Mahatma Gandhi’s philosophy of non-violence, moral behaviour and Satyagraha was rooted in India’s moral, ethical and philosophical traditions such as the Vedas, the Ramayana, Mahabharata as well as the teachings of Lord Buddha. Gandhiji’s own experiences in South Africa contributed to his understanding that India’s freedom was linked to that of other Asian and African colonies. Therefore, it is not surprising that the defining characteristics of India’s foreign policy in the first few decades after Independence were non-alignment, anti-colonialism, antiracialism, non-violence, disarmament, and peacemaking.
3. Political Structure of Nation
Based on historical preferences, there are a variety of government structures across the world.

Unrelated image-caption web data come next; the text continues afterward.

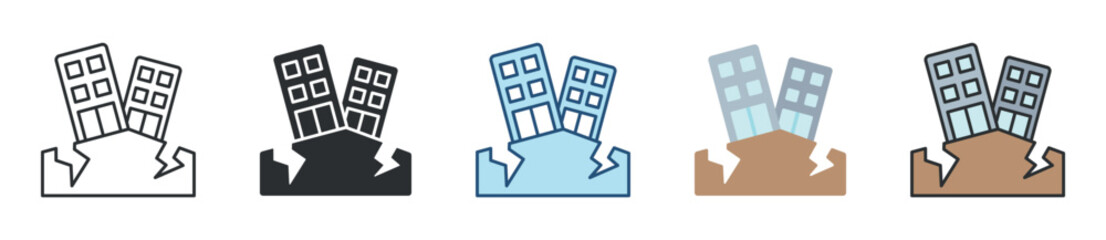 Earthquake Icon Set Multiple Style Collection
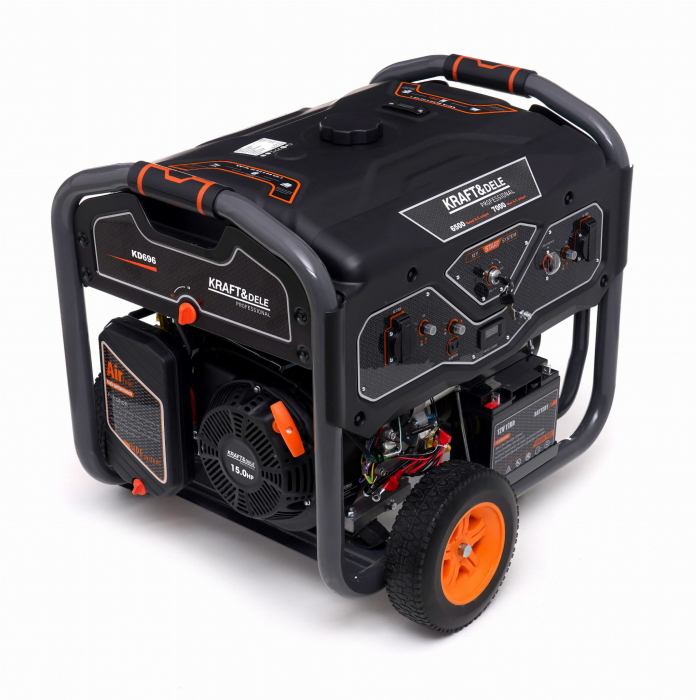 Generator curent 7kW 7000W 2x230V12V+pornire electrica la cheie+roti si maner motor benzina 15CP (KD696) [4]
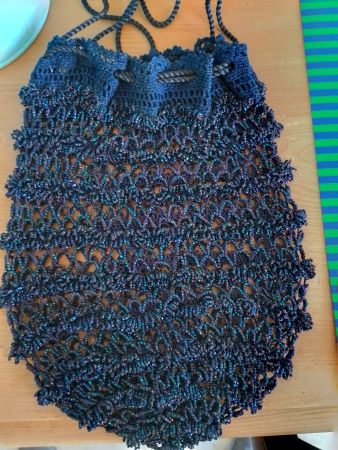 Gehäkelte Vintage Perlen Handtasche / Beutel - Top Zustand!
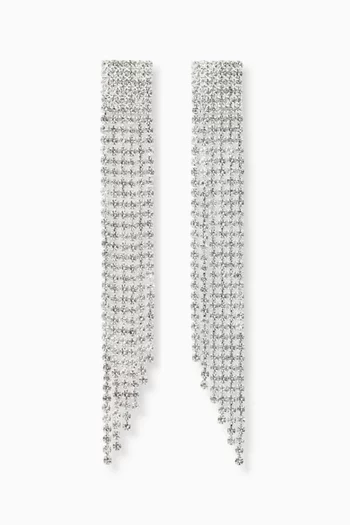 NYC Crystal Fringe Drop Earrings in Silver-plated Brass
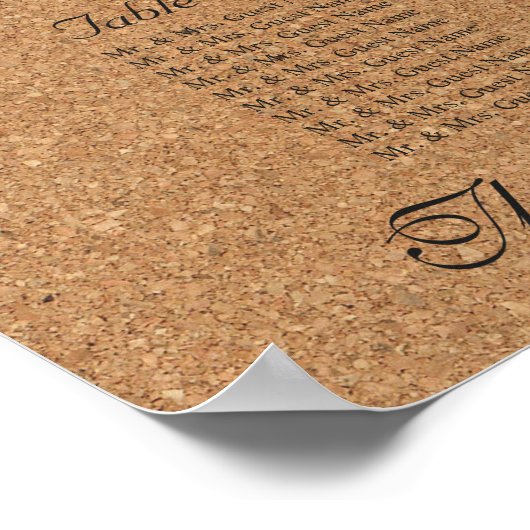 Landelijk wijnkurk bruiloft monogram zitplaatskaar poster (Hoek)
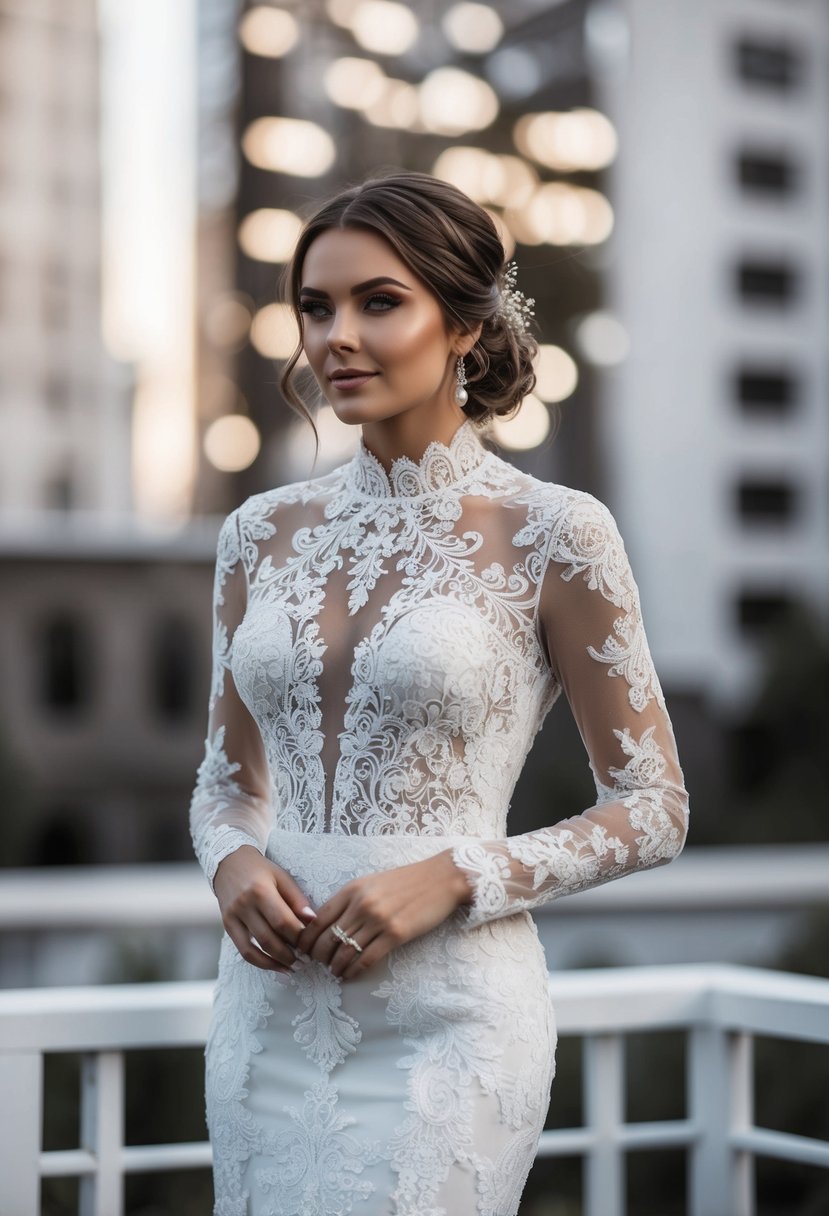 A lace mermaid wedding dress with intricate high-neck details cascading down the fitted silhouette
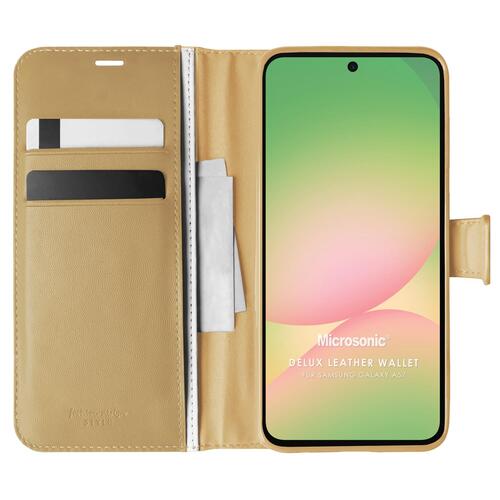 Microsonic Samsung Galaxy A57 Kılıf Delux Leather Wallet Gold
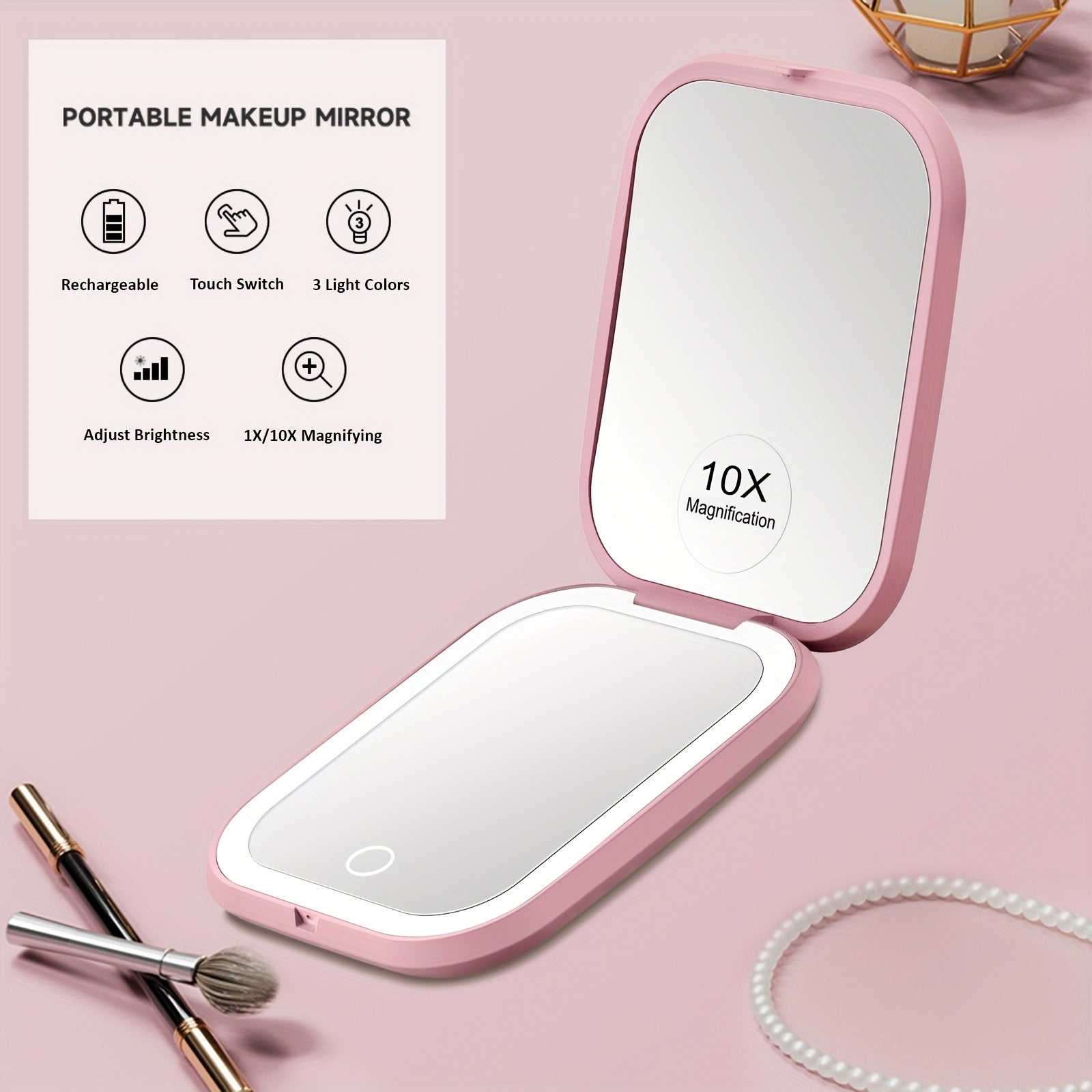 10X/1X Magnification LED Compact Travel Makeup Mirror With Light, Rechargeable Pocket Mirror In 3 Colors Mode, Adjustable Brightness, Purse Mirror, 2-Sided, Portable, Folding, Handheld, Small Mirror, Gifts For Women, Gifts For Mom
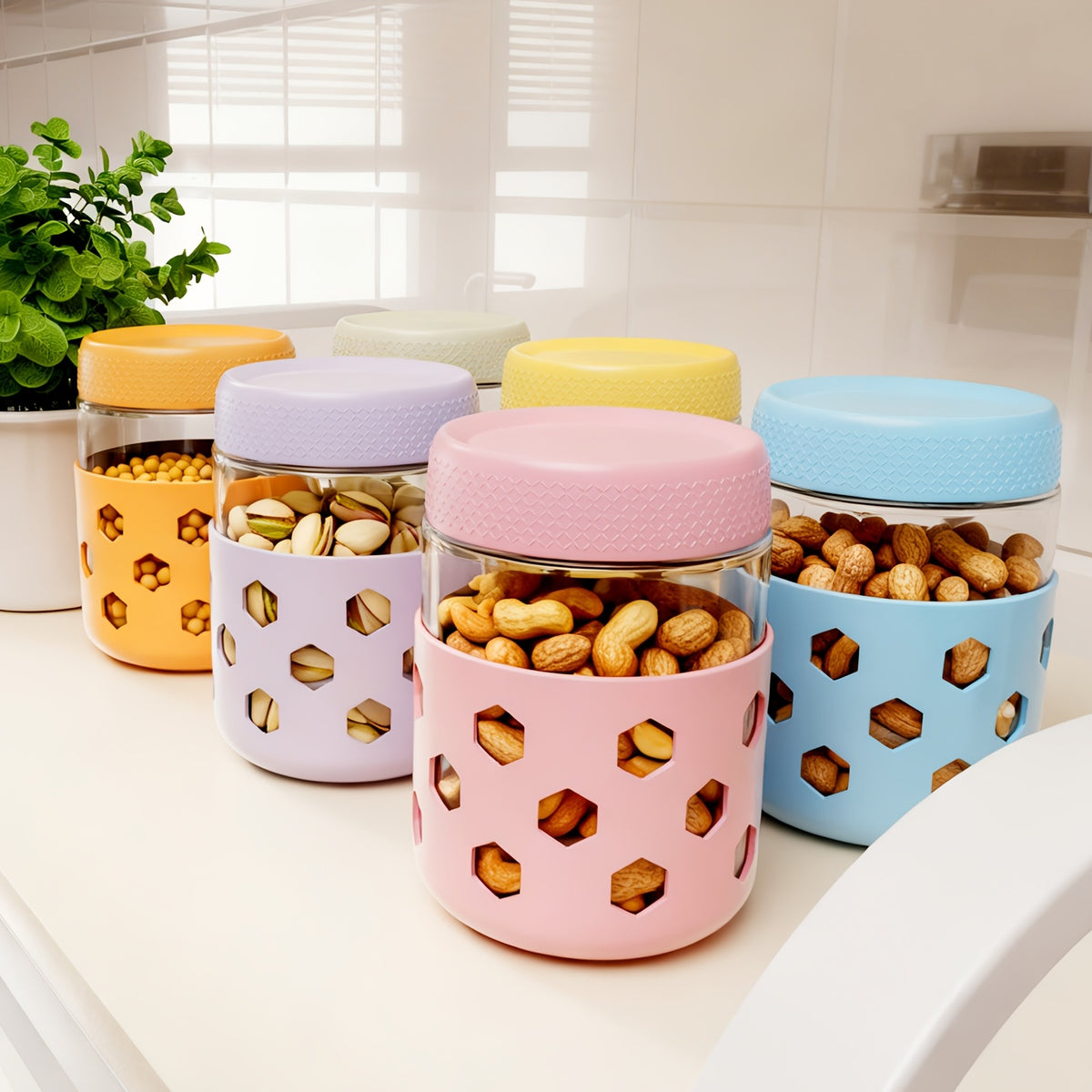 Airtight Glass Food Storage Jars with Silicone Sleeves 6 Pack – 16oz Moisture-Proof Pantry Canisters for Tea Grains Nuts Snacks & Yogurt, Leak-Proof Kitchen Organization Containers with Lids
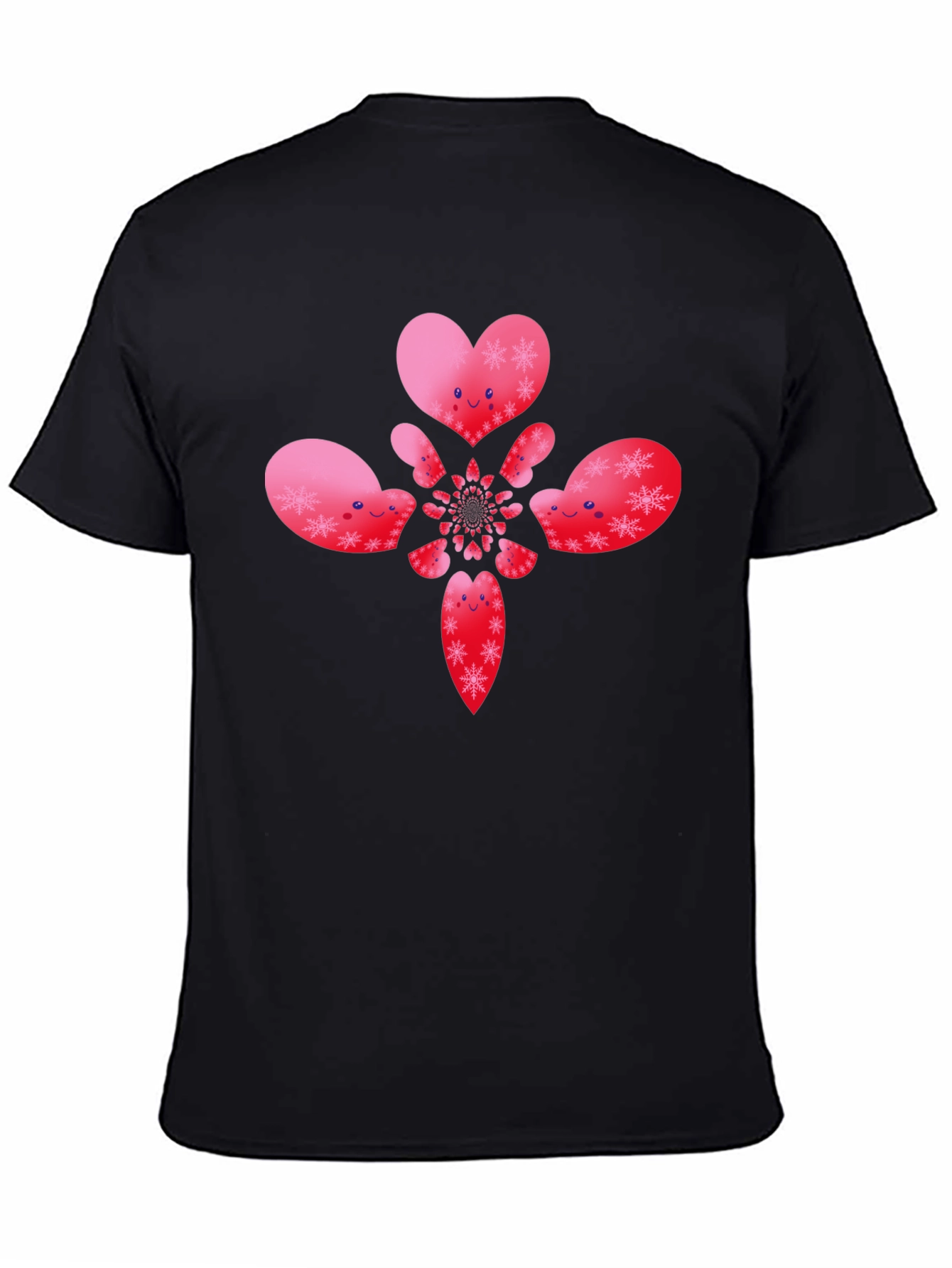 Heart Snowflake Pattern Black T-Shirt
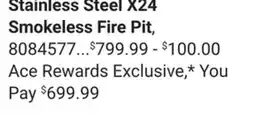 Ace Hardware Stainless Steel X24 Smokeless Fire Pit offer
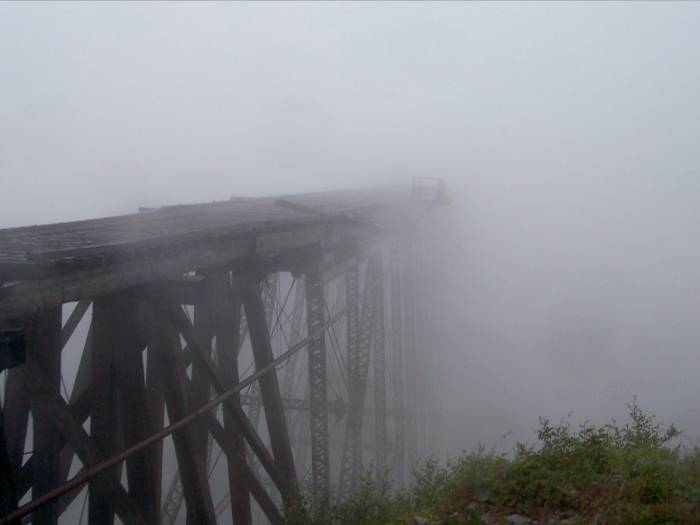 Another train ride, this time on the White Pass & Yukon out of Skagway, Alaska. The fog really adds to the mystery here.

The decision-making process is quite different in democracies than in authoritarian regimes. Even in a democracy, there are factors like whether govt. agency handling the foreign policy is democratically elected or not, does it consist of specialists or generalists, whether the power relations are centralized or free and open, the nature of the executive-legislature relationship etc. These factors vary and shape the foreign policy accordingly.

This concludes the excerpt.